PROBLEM
Leave every picture out, then reproduce the rest of the listing exactly.

GIVEN MATERIAL

Content starts

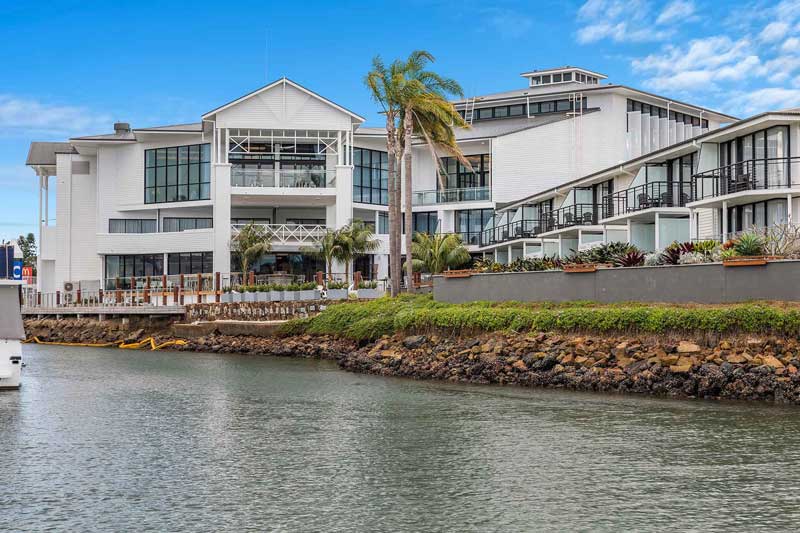 Rydges-Sails-Resort-Port-Macquarie cladding picture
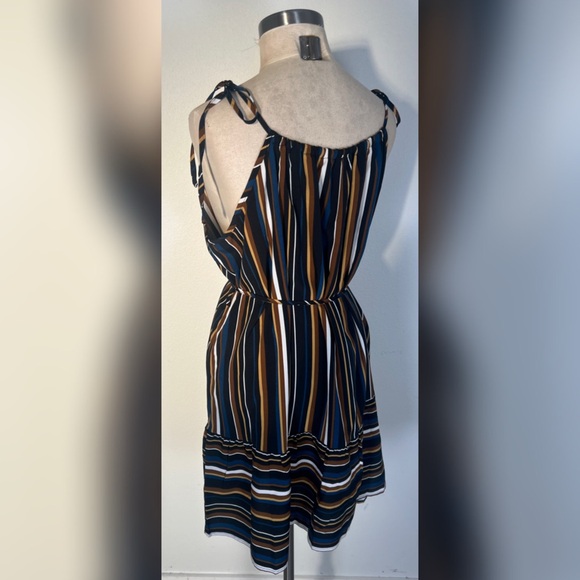 SHEIN Stripped Tie Shoulder Ruffle Hem Cami Dress - Picture 6 of 7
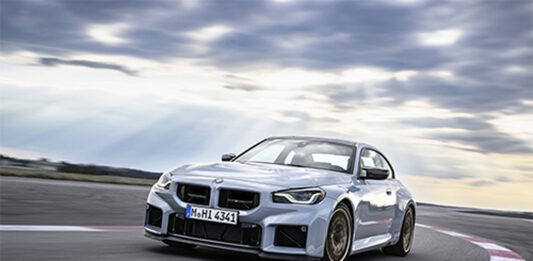 BMW M2 CS: Esportivo nervoso chega até o final do ano bmw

Content ends

ANSWER TO THIS PROBLEM
 Rydges-Sails-Resort-Port-Macquarie cladding picture
 SHEIN Stripped Tie Shoulder Ruffle Hem Cami Dress - Picture 6 of 7
 BMW M2 CS: Esportivo nervoso chega até o final do ano bmw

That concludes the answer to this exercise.